Even though prosecutors must prove their case beyond a reasonable doubt to obtain a conviction, they have a number of advantages over criminal defendants. While the law demands that you are innocent until proven guilty, prosecutors have a number of powerful tools that they can use to further their chances of winning a conviction, making it even more important for you to have a tough and experienced criminal defense attorney.
Prosecutors Have the Power to Get Evidence From You and Others
The biggest built-in advantage that prosecutors have over defendants is exclusive access to evidence in the case. Law enforcement needs to have the evidence necessary to win a conviction, and they will pull out no stops to obtain it.
The first right that prosecutors have is to conduct searches to obtain evidence pursuant to a valid search warrant. You have the legal right to be free from unreasonable searches and seizures, but law enforcement does not always respect your constitutional rights. So long as law enforcement can persuade a magistrate that they have probable cause, they can conduct a search within your constitutional rights.
You are not the only source of evidence for law enforcement. They also have the right to subpoena evidence from other sources, such as your financial institution or wireless service provider. They can obtain access to books and records that are in possession of a third party that you cannot access yourself.
Law Enforcement Has a Large Budget and Seemingly Unlimited Resources
The prosecutor has seemingly unlimited resources to build their case with the full budget and personnel of the state behind them. Once they gain access to the information, they control it. You do not have a similar right to subpoena information or conduct any searches. In that regard, you are at the mercy of the prosecutor. They have the ability to gain information, and you have the right to be innocent until proven guilty.
The Prosecutor Must Share Certain Evidence With You
There is a rule that states that the prosecutor must share all potentially exculpatory evidence with the defense. This evidence could help a defendant show their innocence. Prosecutors cannot suppress this evidence and keep it from the defense.

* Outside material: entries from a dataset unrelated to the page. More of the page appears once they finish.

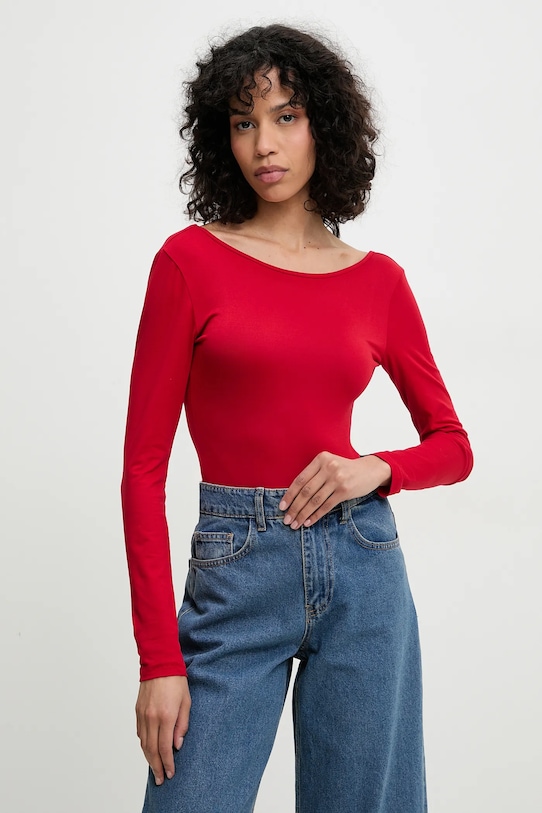 Боди Answear.Lab, красный
Боди Answear.Lab, красный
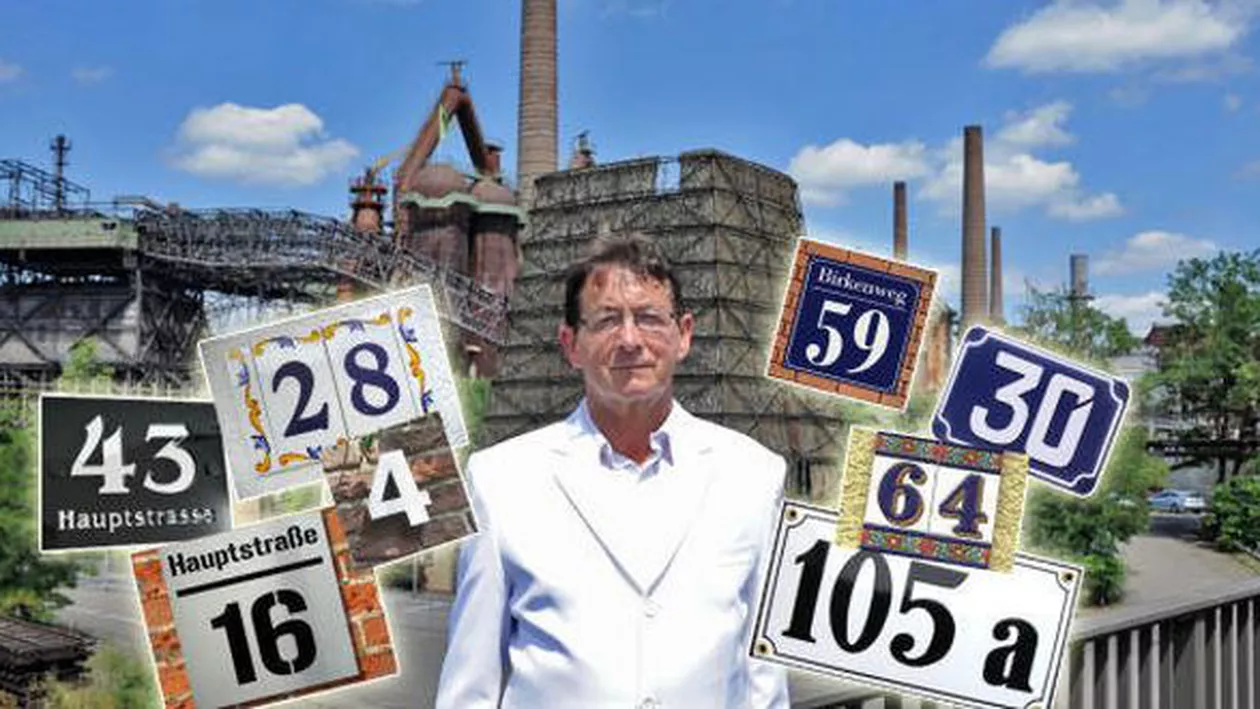 Un candidat extremist vrea să interzică cifrele arabe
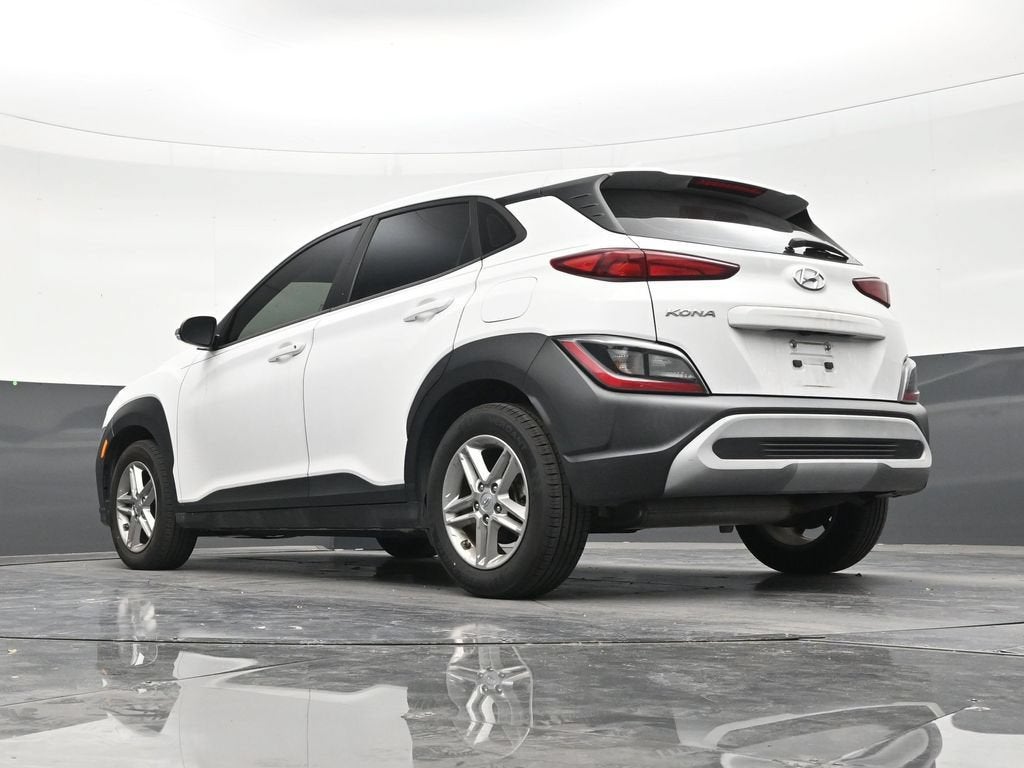 2023 Hyundai Kona SE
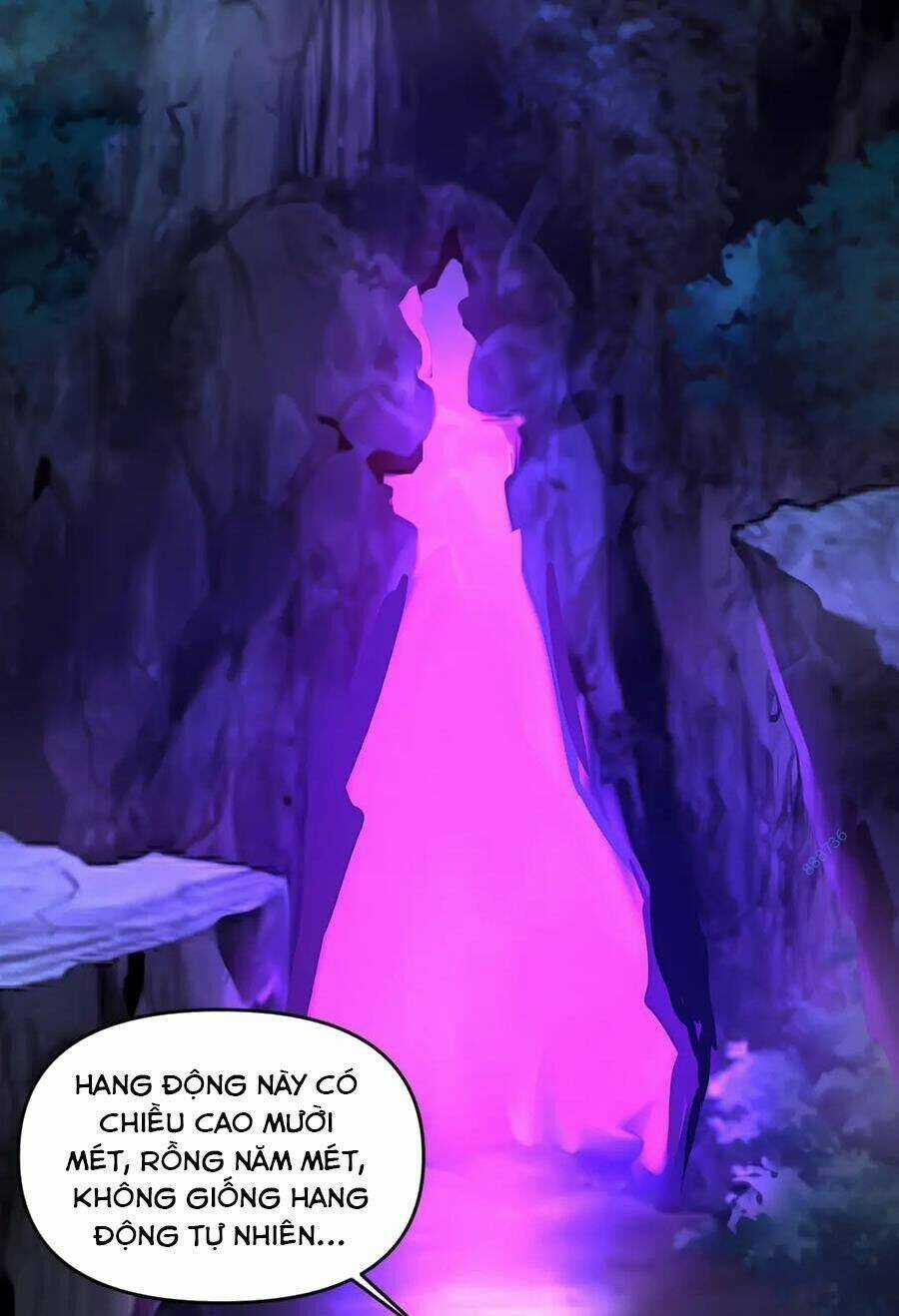 Tối Cường Thần Thoại Đế Hoàng Chapter 109 trang 18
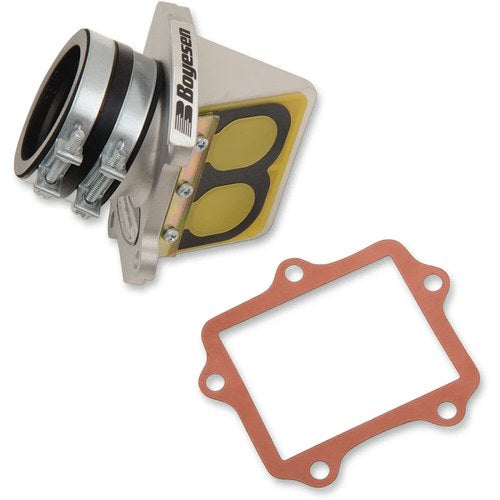 Boyesen Rad Valve - KX250 05-11 | RAD-12J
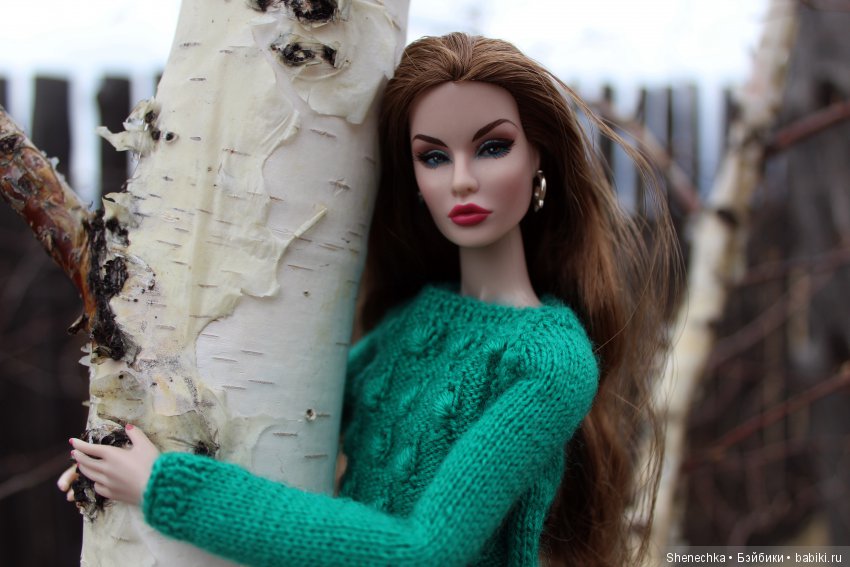 В ожидании лета — Куклы Integrity Toys (Интегрити): Poppy Parker (фото 5)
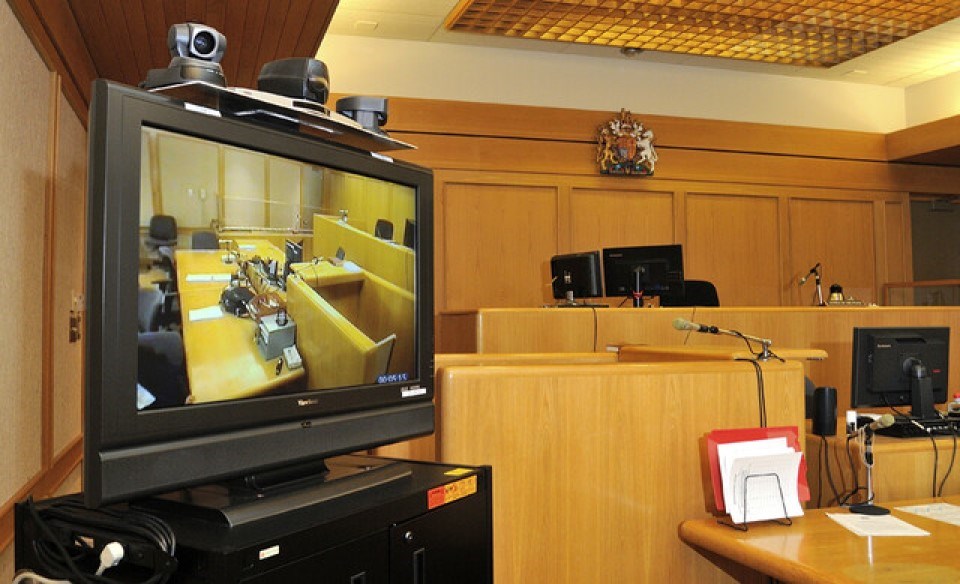 courtvideocourt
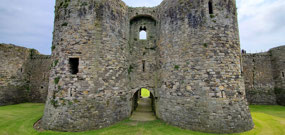 Inner gates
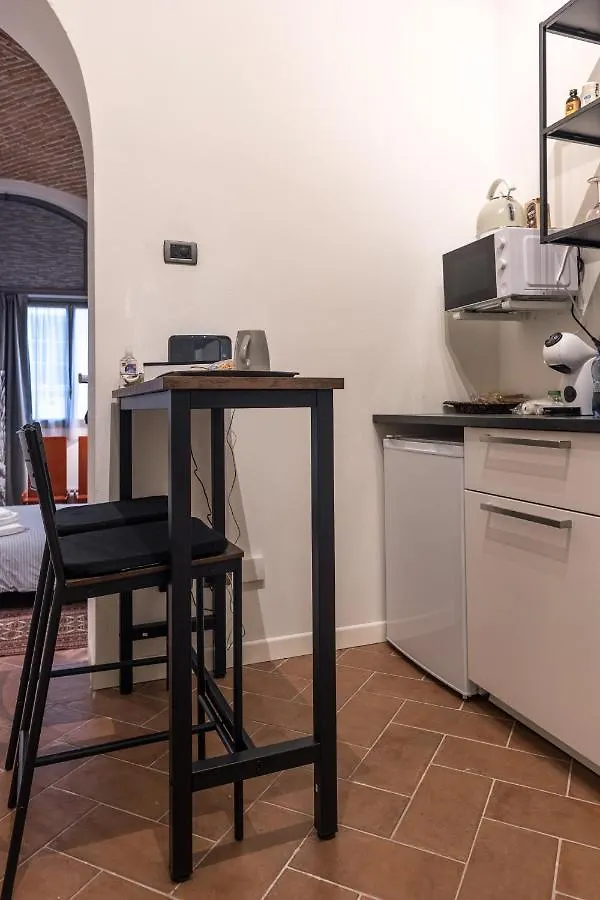 Bed & Breakfast B&B Maria Teresa Cremona Italy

If it is discovered that the prosecution did suppress evidence, their criminal case could be in jeopardy, and they may even face discipline.
This right comes from a 1963 Supreme Court ruling in the case of Brady v. Maryland. Withholding evidence that could help a client prove their innocence is a violation of due process. If discovered, it will lead to a retrial. However, defense attorneys may not learn about evidence being buried until the appeals process or after the defendant has served part of their jail sentence.
Prosecutors Will Still Not Be Cooperative or Helpful
The Brady Rule does not necessarily mean that prosecutors will be helpful or cooperative when they do share information. After all, they want to win a conviction for their own professional gains. They may deliver the evidence in an extremely disorganized and confusing manner that requires a considerable amount of time to sort, just to make life difficult for the defense.
The point is, even when prosecutors are following their obligation to release evidence, there are no limits on how they will present it. Your attorney may need to sort through thousands of irrelevant pages just to find the one extremely helpful detail that is buried in scores of boxes. As a result, even a right that belongs to the defendant can be abused by the prosecutor to make things harder.
Prosecutors will selectively release information or even withhold it. Your defense attorney is often at the mercy of whether the prosecutor tries to do things by the book and according to the rules. If you do not learn that the prosecutor is not following the rules before the jury decides the case, it could lead to a tainted verdict.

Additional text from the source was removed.